Forensic investigations can potentially lead to breaching the rights to privacy, especially when individuals are found to be innocent.

Hence,the main goal of this project was to identify best practice for carrying out privacy respecting forensics investigations and to develop tools that support privacy respecting forensics investigation activities.

This research project identified and focussed on three three major techniques for privacy respecting digital investigation,namely: (i) sequential release of information, (ii)use of formal rule processing methods, and (iii) use of machine learning. These three methods together with the research carried out are summarised below:

Sequential release of Personally Identifiable Information (PII) is based on the prior knowledge of the investigator. In this technique, an investigator is able to see PII only if she can build a direct link between existing evidences and requested data (i.e. using Link Analysis modelling). The main drawbacks of this technique is its total ignorance about permissions given in a search/seizure warrant as well as the risk of missing important data in relation to independent criminal activities. Moreover, the extra effort necessary for an investigator to prove connections between existing evidence and the required data mean that this technique not suitable for a real world implementation.
Formal rule processing models aim to capture the permissions given in a warrant and identify if an analyst request for accessing a PII should be granted or not. We have built a machinery that is able to receive requests, check if they are matched with permissions given in a warrant and allow or disallow an investigator;s request. However, the result of our survey with a number of Law Enforcement Agencies (LEAs) in the UK and EU who tested our machinery was not satisfying. They have commented on limited usage of such machinery in real-world investigations as it is difficult for an investigator to provide specific enough requests that can be processed by the system. Moreover, the time and efforts required for translating a request into its formal notation significantly limits its usage.
Machine learning to conduct an initial assessment of given raw data, identify potential evidence and present only relevant evidence to the examiner. This technique was identified as the most favorite option in our survey as well. This approach not only protects privacy by reducing the chance of an investigator accessing irrelevant data but may significantly reduce the investigation time. Considering expertise of the host organisation in artificial intelligence, researchers invested a lot of time and effort for investigating the suitability of this technique. We have built datasets of malicious and benign content suitable for Windows, Android, OSX, and Internet of Things (IoT) forensics investigation. The research then studied the suitability of different machine learning classification algorithms and deep learning techniques for detection of remnants of malicious activities. Our results indicated the suitability of Random Forests to accurately (98.3% accuracy) classify malicious Windows programs (Ransomware). In Android, SVM offers the most accurate classification (95.2%) followed by Random Forests (93.7%) in detection of malicious Android applications using criteria such as apps permissions and application source code. In OSX, Decision tree-J48 offered the best accuracy (96.62%) followed by our own Weighted- RBFSVM algorithm (91% accuracy). We have also conducted extensive research on the application of AI techniques in IoT forensics. Our proposed Two-layer Dimension Reduction and Two-Tier Classification (TDTC) algorithm outperformed all major classifiers namely Naive Bayes, Random Forest, SVM, and J48 Decision Trees in detection of malicious IoT applications and achieved 84.82% accuracy. Using patterns of the energy consumption as a feature, KNN could detect malicious IoT applications within 10 seconds of launching with 83.70% accuracy. We have investigated the performance of deep learning algorithms for detection of malicious IoT applications as well. A two-layer LSTM implementation, significantly outperformed other classification techniques and achieved 98.18% accuracy in detection of unseen malicious IoT applications. Moreover, our own deep learning based IoT malware detection approach could achieve 99.86% accuracy! Our results show the suitability of machine learning for privacy respecting digital investigation in different environments.

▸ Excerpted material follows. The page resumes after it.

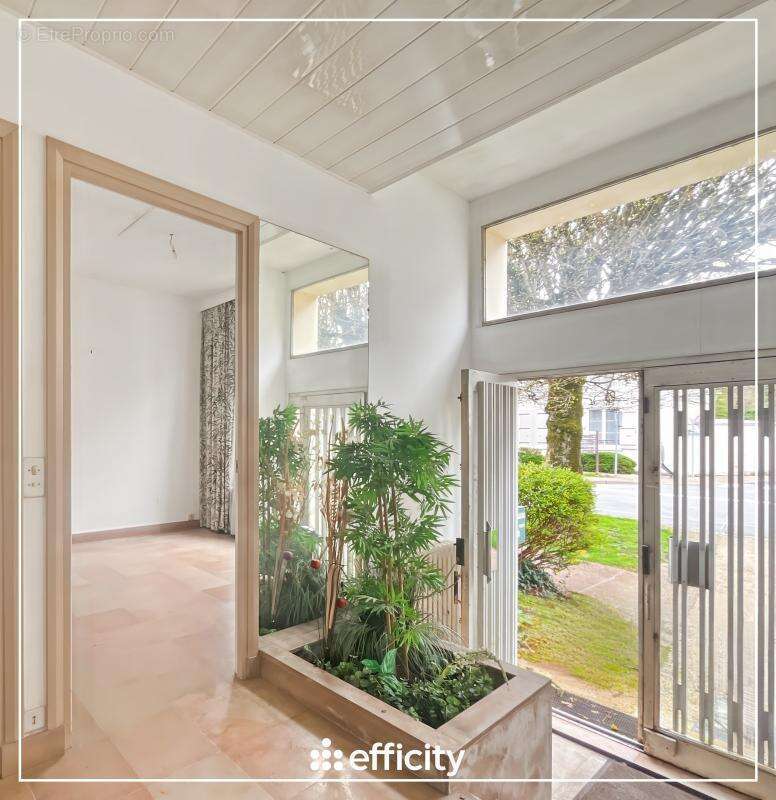 Maison à FONTENAY-TRESIGNY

During project, the research fellow received good support from the host institute, ranging from providing an extensive network of contacts to access to first class researchers in the field. Regular meetings with the scientist in charge of the project, Prof. Sunil Vadera significantly shaped the project and its development. The overall support of the School for development of Cyber Security, made it possible to disseminate results of this project to a wider range of audience. During 24 month of the project, the list of outputs include: a book, 20 journal papers, 11 book chapters, 3 technical reports, and 4 conference papers. Moreover, we have built 4 forensics research datasets and developed 3 tools to support privacy respecting investigation in IoT, OSX, and Android environments. Moreover, we have built a privacy respecting threat hunting and Ransomware family detection tool for Windows Ransomware.